Впоследствии новый редактор отменил «сухой закон» своего предшественника и обязал приказом по редакции купаться ежедневно и притом всех! Даже поэта Яна Сашина не освободил, хотя тот и не умел плавать. А когда редакция переехала из Сочи в Геленджик, редактор приказал по воскресеньям проводить соревнования на воде. Победителям выдавалась за счет казны чарка…
Дела давно минувших дней! Теперь мы возвращались на свою базу. До Севастополя — рукой подать.
Бой не только не утихает, а еще пуще разгорается. Мы остановились в Алсу. Это недалеко от Итальянского кладбища. За Итальянским кладбищем — Золотая балка, а дальше — высоты Сапун-горы. Там идет такая пальба, что, кажется, и мухе не пролететь. Особенно силен натиск нашей авиации. Мне еще никогда не доводилось видеть такое количество самолетов на сравнительно небольшом плацдарме. Идут бои за Сапун-гору. Кажется, что гора скоро расколется от взрывов.
Место, где мы поставили наши машины, неудачное: здесь нельзя свершить подвига, но зато легко погибнуть — немецкие артиллеристы и летчики не знают, что здесь стоят редакционные машины, а не танки.
Со стороны Севастополя видны большие столбы дыма и высокие выбросы земли. Какой-то штабной майор из числа офицеров связи, подъехавший на «виллисе», говорит, что дым от танкера — он горит в Северной бухте, возле Памятника затопленным кораблям, а выбросы земли на Сапун-горе.
До нас доходит известие — Сахарная головка взята моряками смелым штурмом, и командир отделения разведчиков старшина 2-й статьи Анна Балабанова уже водрузила на ней красный флаг. Танкистами совместно с пехотой взято несколько этажей сложнейших укреплений на Сапун-горе.

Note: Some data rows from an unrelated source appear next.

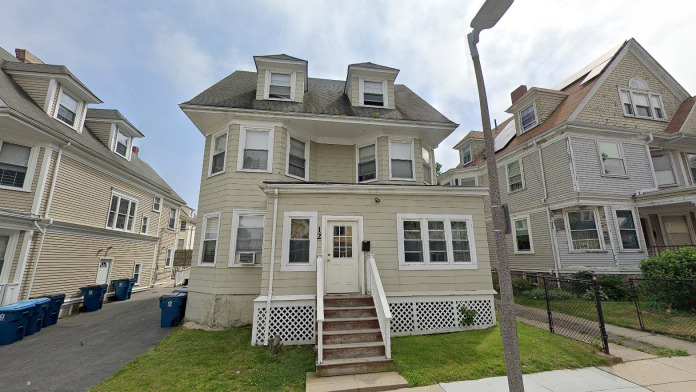 Victory Programs Womens Hope MA 02125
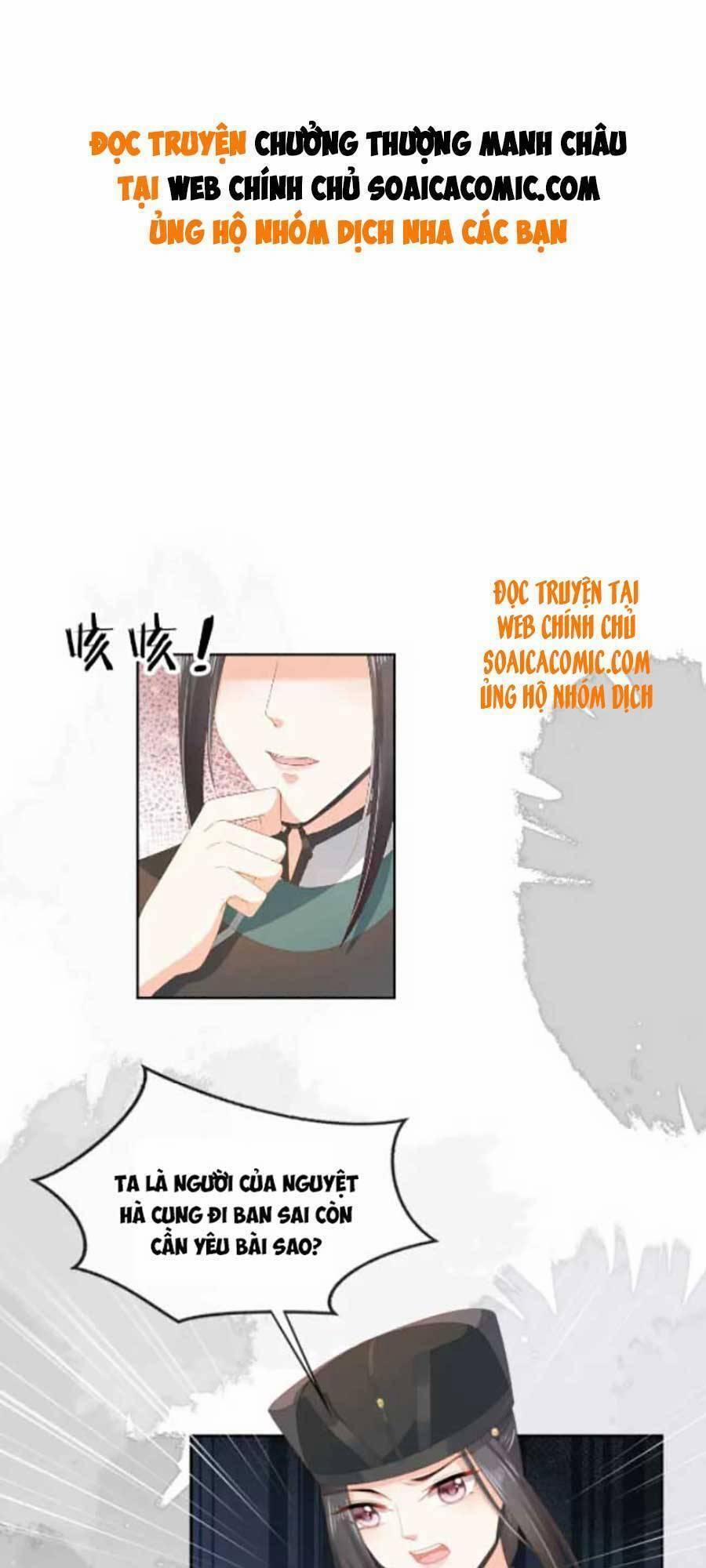 Nhặt Được Bảo Bối Manh Manh 76 trang 0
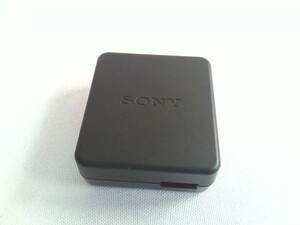 SONY ソニー カメラ用　純正ACアダプター　AC-UB10D （５V　0.5A）★動作品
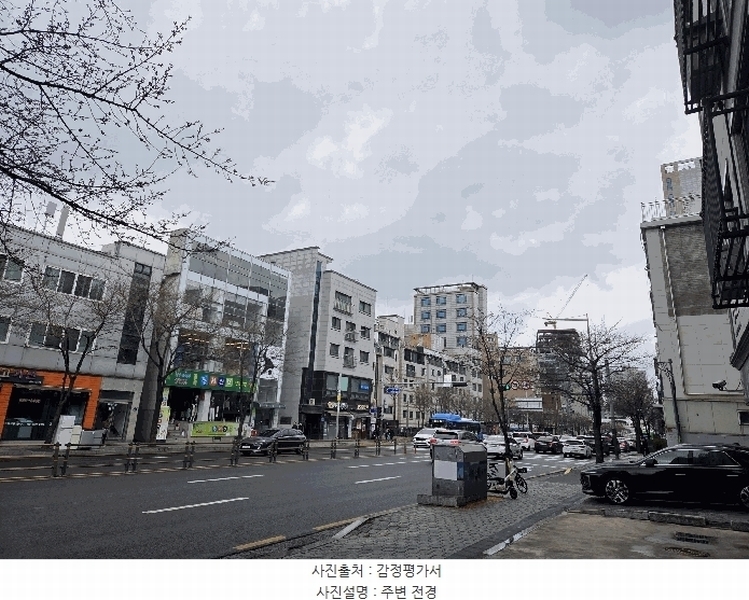 2025타경102366 서울특별시 관악구 난곡로 284, 위드비엠 4층 401호 다세대(빌라)[공급11평형] 경매 이미지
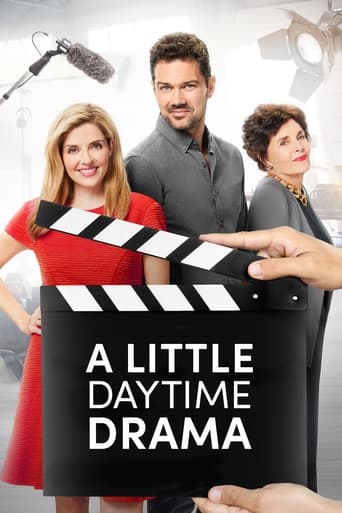 Watch A Little Daytime Drama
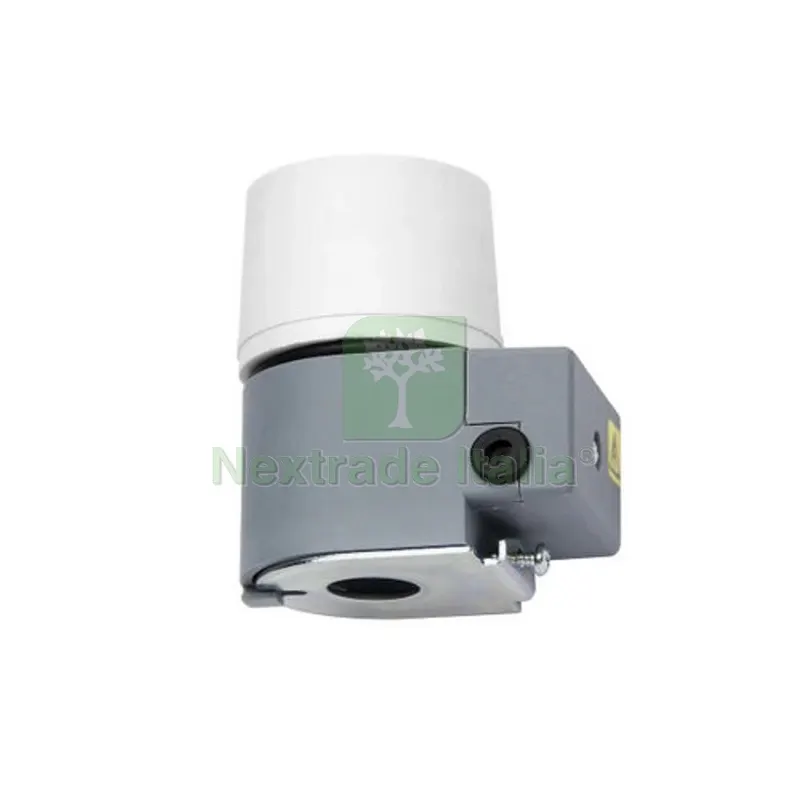 SERVOCOMANDO ELETTROTERMICO ON-OFF 230V AC — Tubi e raccordi — rif. FERX.DIA325-RZ360-230VAC SERVOCOMANDO ELETTROTERMICO ON-OFF 230V AC — Tubi e raccordi — rif. FERX.DIA325-RZ360-230VAC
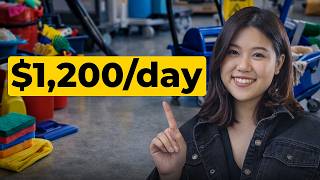 How to Start a Cleaning Business From Scratch (Beginner Guide)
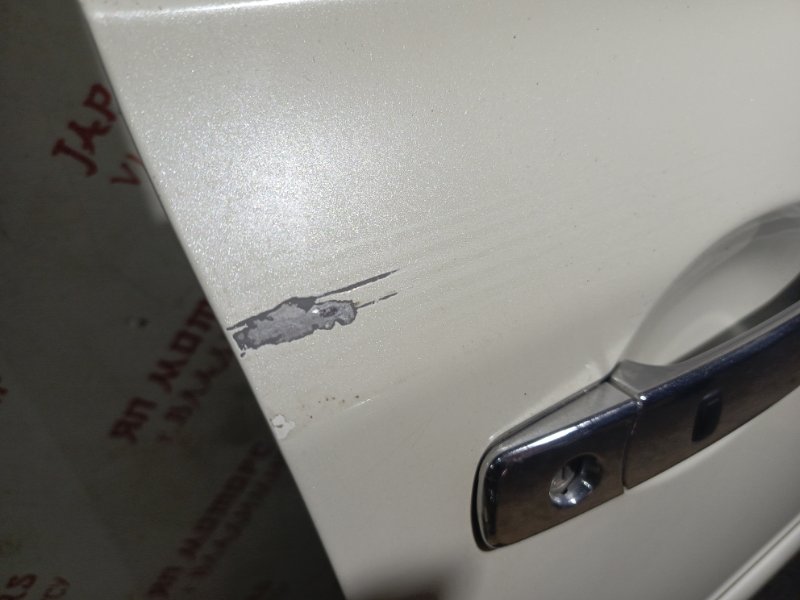 Дверь боковая, 12000 рублей, Владимир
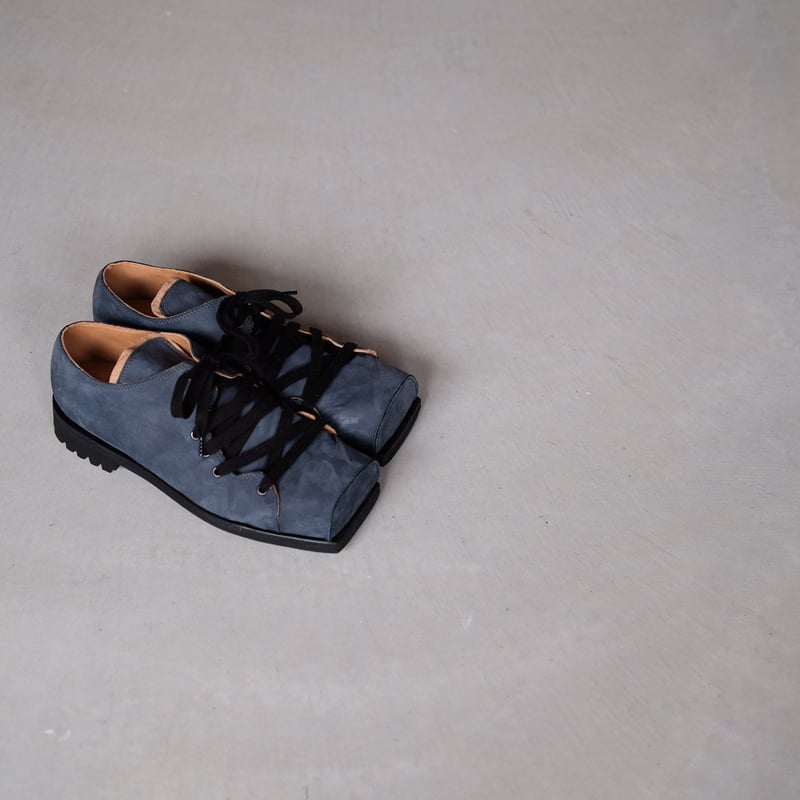 QUILP × The Old Curiosity Shop / HOGTOE SHOES ( QUILP × The Old Curiosity Shop / HOGTOE SHOES (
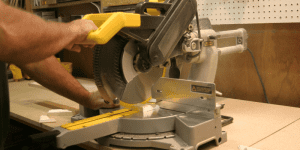 Table Saw Vs Miter Saw: Choosing The Right Tool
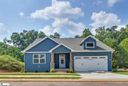 325 Brenleigh Court sold home in Simpsonville, SC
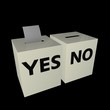 voting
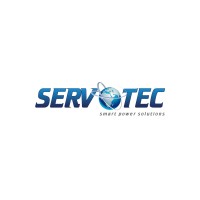 Servoteh logo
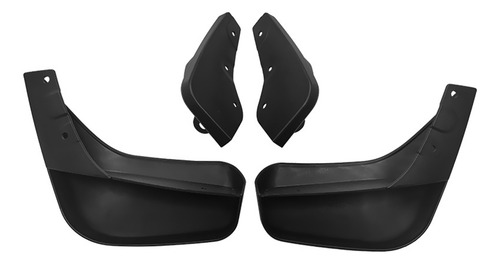 Guardabarros De Coche Para S-presso Spresso Mud Fla 2020-202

Проходит немного времени, и нам становится известно, что подразделение капитана Шилова водрузило красное знамя на Сапун-горе. С потерей немцами Сапун-горы нашим войскам открывалась дорога на Севастополь.
Дальше торчать в Алсу было бессмысленно. Поэт Григорий Поженян, бывший разведчик из группы разведки Военного совета Черноморского флота в Одессе, теперь сотрудник нашей газеты, и я сговариваемся «оторваться» от наших редакционных фургонов Мы должны написать об освобождении Севастополя — у каждого из нас много связано с его именем. Наш начальник подполковник Юдин дает «добро».
На севастопольских холмах шумит весна: цветут маки и тревожно машет серебристыми лапками полынь.
Весна везде хороша, даже на диком севере. Но здесь, на юге, в Крыму, да еще в севастопольской приморской степи, она неповторима.
Но сейчас глаз воина ищет в этой удивительной красивой степи не цветок, а цель, по которой надо стрелять.
Третий день наши войска штурмуют Севастополь. Уже два железобетонных обвода остаются позади, впереди еще один, и, по-видимому, самый сложный. Инженер генерал-полковник Енеке, который командовал гитлеровскими войсками в Крыму, возвел несколько сложнейших инженерных поясов вокруг Севастополя. Генерал Альмендингер, заменивший Енеке, в приказе по армии так и писал: «Я получил приказ защищать каждую пядь севастопольского плацдарма. Его значение вы понимаете… Плацдарм на всю глубину сильно оборудован в инженерном отношении, и противник, где бы он ни появился, запутается в сетях наших оборонительных сооружений. Но никому из нас не должна даже и в голову прийти мысль об отходе на эти позиции…»
В заключение генерал заявил: «Русские держали Севастополь восемь месяцев. Мы будем его держать — восемь лет!»
Приказ гитлеровского генерала был зачитан войску третьего мая. Прошло пять дней, наша армия далеко продвинулась вперед, и еще ни одно подразделение не запуталось в сложных инженерных сооружениях генерал-полковника Енеке! Бои уже на окраине Севастополя, с набережной Балаклавы наши пушки бьют в сторону Феолента.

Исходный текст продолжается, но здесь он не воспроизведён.